India's Central Bank Slashes Key Interest Rates to Spur Growth

India's central bank has lowered interest rates for the first time in nine months and reduced the amount of deposits that lenders are required to set aside as reserves.

 

The Reserve Bank of India (RBI) reduced the policy repo rate under the liquidity adjustment facility (LAF) by 25 basis points from 8.0 percent to 7.75 percent with immediate effect.

 

Meanwhile, the cash reserve ratio (CRR) has been reduced by 25 basis points from 4.25 percent to 4.0 percent of their net demand and time liabilities (NDTL) effective the fortnight beginning February 9, 2013.

 

The move will release an estimated 180bn rupees (IR) into the country’s banking system for lending. It is expected to support growth by encouraging investment; continue to anchor medium-term inflation expectations on the basis of a credible commitment to low and stable inflation; and  improve liquidity conditions to support credit flow.

 

India’s wholesale price index, the main bellwether of inflation, fell to an eleventh-month low of 7.18% in December. The RBI, which has been under pressure to stimulate the economy, said that the improvement “provides space, albeit limited, for monetary policy to give greater emphasis to growth risks”. 

 

The bank also forecast that it now expects the rate to ease further to 6.8% in March, compared with its earlier projection of 7.5%

 

Although India’s economy grew by 5.3% in Q312, it was the slowest rate of expansion in three years.
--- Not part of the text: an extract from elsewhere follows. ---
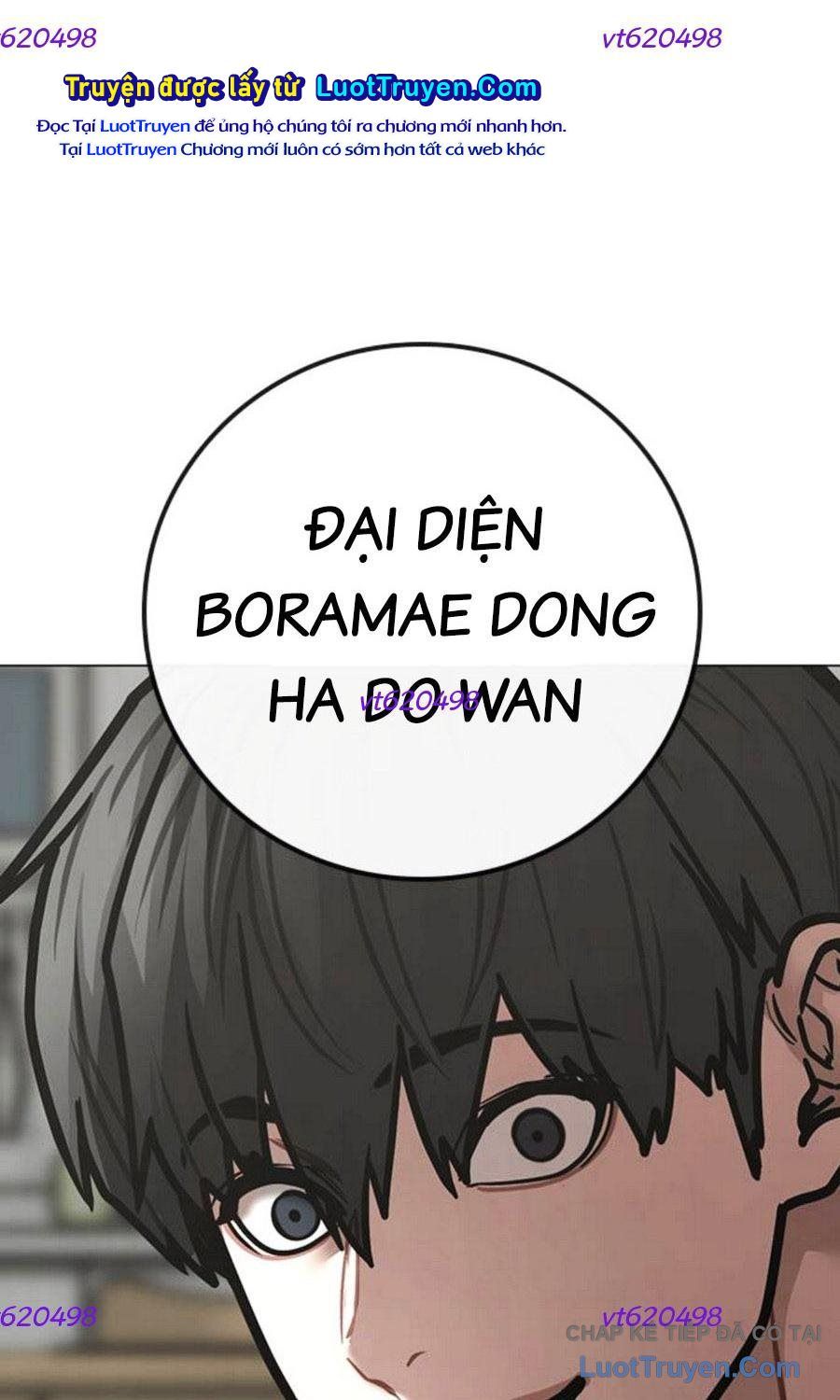 Chapter 196 trang 153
The RBI has also lowered its full-year growth projection for the 2012-13 financial year to 5.5% from 5.8%, with analysts suggesting that further interest rate cuts may follow to stimulate long-term growth.

 

However, the central bank also stressed its continued concerns over India’s fiscal and current account deficits (CAD) and said that its pro-growth policies would reflect management of the risks that they posed.

 

“Financing the CAD with increasingly risky and volatile flows increases the country’s vulnerability to sudden shifts in risk appetite and liquidity preference, potentially threatening macroeconomic and exchange rate stability,” said the RBI in a statement.